Integrating machine learning into a fully coupled current-wave-sediment model: Characterizing particle size in the settling process in estuaries of the great barrier reef, Australia

Abstract

Accurate prediction of sediment settling is critical for management of coastal ecosystems, but complex estuarine processes that influence sediment deposition and erosion present a major modelling challenge. This study introduces a proof-of-concept framework that integrates machine learning (ML) into environmental simulations to improve accuracy and efficiency by modelling dynamic sediment flocculation processes and their influence on particle size, enabling a more precise determination of settling velocity.
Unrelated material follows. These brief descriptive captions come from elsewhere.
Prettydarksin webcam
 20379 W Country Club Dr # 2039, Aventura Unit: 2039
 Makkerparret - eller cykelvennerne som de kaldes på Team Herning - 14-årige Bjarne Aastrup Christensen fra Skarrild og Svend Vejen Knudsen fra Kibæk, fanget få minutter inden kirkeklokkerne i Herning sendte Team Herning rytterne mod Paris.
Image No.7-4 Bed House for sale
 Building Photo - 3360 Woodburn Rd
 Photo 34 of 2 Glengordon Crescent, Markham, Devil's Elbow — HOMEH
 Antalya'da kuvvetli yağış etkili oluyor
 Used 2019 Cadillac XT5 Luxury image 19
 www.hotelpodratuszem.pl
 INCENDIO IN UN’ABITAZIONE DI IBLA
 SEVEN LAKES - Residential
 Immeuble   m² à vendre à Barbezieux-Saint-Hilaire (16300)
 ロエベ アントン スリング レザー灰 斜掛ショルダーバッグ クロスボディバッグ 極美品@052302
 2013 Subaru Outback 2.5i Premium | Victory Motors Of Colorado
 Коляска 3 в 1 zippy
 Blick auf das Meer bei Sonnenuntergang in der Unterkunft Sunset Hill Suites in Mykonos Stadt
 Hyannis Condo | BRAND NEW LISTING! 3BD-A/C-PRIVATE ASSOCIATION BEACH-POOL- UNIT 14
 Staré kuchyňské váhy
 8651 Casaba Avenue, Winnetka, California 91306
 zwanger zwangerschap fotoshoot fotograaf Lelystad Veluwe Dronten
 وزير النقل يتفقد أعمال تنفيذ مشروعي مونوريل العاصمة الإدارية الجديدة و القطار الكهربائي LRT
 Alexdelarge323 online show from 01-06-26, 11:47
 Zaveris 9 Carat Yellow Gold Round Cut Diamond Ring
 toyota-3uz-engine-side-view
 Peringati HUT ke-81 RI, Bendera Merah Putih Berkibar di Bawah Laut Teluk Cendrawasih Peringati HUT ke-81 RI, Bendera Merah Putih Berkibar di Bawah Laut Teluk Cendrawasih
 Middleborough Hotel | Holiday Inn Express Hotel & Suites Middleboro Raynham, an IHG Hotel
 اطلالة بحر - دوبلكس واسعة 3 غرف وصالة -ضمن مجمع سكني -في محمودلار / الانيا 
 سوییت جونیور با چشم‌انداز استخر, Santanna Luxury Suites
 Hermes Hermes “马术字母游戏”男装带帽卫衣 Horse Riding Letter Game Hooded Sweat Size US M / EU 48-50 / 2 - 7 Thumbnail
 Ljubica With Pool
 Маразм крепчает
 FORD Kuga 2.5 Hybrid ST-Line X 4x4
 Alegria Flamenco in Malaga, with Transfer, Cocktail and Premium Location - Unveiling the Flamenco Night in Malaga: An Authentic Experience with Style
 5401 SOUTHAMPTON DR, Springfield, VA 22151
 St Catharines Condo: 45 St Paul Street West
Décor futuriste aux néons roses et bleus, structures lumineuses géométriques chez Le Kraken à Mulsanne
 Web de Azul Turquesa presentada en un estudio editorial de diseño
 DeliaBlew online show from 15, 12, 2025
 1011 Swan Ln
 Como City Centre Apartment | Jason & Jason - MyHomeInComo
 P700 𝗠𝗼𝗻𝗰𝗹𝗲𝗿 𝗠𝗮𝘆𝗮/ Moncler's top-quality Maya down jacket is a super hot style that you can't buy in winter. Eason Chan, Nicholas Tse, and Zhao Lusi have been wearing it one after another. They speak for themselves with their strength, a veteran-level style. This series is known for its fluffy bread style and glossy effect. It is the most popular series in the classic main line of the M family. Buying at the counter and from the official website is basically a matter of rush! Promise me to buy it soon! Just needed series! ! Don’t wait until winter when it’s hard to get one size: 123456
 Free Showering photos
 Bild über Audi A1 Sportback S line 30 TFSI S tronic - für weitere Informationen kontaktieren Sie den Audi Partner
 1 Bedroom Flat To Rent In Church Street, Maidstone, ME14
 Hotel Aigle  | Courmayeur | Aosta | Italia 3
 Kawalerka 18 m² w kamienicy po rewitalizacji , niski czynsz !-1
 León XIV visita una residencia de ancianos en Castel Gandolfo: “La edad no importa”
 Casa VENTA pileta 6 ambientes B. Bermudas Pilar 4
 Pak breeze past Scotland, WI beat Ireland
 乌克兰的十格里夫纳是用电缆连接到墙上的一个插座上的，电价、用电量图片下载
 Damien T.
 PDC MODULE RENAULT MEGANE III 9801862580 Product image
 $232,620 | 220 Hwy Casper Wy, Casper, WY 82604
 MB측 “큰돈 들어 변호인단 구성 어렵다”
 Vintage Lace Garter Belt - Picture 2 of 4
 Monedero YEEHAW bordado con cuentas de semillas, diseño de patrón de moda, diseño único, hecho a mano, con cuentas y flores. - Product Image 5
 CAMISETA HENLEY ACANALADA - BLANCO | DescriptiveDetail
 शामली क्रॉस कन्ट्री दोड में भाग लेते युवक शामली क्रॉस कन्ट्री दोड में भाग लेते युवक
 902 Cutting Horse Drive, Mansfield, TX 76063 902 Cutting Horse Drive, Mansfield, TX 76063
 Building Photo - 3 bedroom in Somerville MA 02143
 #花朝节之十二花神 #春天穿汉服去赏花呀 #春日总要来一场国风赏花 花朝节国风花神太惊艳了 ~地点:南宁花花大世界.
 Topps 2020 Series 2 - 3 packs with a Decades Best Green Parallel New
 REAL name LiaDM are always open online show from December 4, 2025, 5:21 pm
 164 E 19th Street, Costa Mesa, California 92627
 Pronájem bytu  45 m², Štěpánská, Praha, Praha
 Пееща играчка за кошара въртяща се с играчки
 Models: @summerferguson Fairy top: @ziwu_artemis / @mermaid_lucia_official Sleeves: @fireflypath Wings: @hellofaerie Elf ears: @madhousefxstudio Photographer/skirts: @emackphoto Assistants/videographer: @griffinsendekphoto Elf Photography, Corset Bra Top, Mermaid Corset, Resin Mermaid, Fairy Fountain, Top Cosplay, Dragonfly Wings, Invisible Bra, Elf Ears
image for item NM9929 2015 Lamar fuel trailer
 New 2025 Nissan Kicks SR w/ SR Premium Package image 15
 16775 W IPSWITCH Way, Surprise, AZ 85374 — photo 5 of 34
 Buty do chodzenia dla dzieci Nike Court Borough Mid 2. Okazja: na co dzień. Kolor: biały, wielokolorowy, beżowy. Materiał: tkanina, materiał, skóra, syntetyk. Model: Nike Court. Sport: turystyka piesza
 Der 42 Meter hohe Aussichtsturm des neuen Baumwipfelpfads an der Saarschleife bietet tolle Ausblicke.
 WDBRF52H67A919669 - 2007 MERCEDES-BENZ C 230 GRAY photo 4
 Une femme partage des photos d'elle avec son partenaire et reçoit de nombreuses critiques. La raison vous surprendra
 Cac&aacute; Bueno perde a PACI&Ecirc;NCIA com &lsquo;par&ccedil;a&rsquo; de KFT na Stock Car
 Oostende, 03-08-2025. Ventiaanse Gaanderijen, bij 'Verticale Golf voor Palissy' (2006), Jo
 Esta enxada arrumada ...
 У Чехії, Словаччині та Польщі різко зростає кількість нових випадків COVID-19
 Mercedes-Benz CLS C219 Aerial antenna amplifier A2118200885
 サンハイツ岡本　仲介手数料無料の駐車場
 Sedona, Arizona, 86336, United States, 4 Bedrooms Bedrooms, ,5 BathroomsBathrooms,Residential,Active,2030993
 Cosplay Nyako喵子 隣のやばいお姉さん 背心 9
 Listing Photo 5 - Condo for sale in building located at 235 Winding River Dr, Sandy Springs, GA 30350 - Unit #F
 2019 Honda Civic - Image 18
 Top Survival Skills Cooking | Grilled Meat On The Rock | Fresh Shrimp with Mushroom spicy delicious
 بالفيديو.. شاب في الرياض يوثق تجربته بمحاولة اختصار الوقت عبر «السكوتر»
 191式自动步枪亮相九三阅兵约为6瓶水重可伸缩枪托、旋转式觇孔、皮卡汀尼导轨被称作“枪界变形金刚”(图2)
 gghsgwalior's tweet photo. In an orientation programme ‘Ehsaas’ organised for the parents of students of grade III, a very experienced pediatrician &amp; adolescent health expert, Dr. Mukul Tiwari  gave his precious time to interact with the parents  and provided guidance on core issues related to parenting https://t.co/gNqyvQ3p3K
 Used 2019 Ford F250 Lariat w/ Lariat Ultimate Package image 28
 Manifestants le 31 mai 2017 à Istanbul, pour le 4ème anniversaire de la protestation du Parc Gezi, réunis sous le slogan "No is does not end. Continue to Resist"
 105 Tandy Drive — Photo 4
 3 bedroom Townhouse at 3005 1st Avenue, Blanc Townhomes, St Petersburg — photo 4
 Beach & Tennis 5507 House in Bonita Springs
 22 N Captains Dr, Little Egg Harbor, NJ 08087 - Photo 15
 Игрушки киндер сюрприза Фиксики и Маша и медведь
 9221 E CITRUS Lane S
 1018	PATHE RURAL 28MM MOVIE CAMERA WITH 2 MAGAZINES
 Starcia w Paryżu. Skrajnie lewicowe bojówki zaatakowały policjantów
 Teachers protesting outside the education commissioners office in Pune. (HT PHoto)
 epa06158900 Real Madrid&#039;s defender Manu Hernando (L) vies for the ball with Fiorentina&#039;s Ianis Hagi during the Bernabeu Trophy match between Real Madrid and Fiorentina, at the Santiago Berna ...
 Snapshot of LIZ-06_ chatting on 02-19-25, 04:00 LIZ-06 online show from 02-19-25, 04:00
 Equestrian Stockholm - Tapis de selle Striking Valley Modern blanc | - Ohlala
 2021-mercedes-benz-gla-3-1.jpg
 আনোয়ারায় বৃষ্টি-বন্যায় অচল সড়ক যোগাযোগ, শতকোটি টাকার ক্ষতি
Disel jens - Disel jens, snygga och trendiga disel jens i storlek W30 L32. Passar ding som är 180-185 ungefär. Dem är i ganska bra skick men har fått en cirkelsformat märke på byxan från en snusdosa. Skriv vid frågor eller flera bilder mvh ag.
Environmental factors influencing in-situ sediment particle size were used to train a regression model based on coeval measurements of three key parameters: salinity, shear rate and suspended sediment concentration (SSC). This regression model was developed using ML and integrated into a fully coupled current-wave-sediment model to simulate the flocculation response to these three parameters. The integrated model framework demonstrates its reliability and accuracy when evaluated against the in-situ measurements, satellite-derived SSC for the Fitzroy Estuary (Great Barrier Reef), and a parametric flocculation model that only relates settling velocity to SSC. We present an example of the ML-based approach outperforming a parametric model by capturing nonlinear particle-hydrodynamic interactions while maintaining computational efficiency, enabling high-resolution SSC simulations. This work demonstrates an advancement for hybrid modelling using rapidly evolving ML applications, offering a scalable tool for sediment transport and water quality management.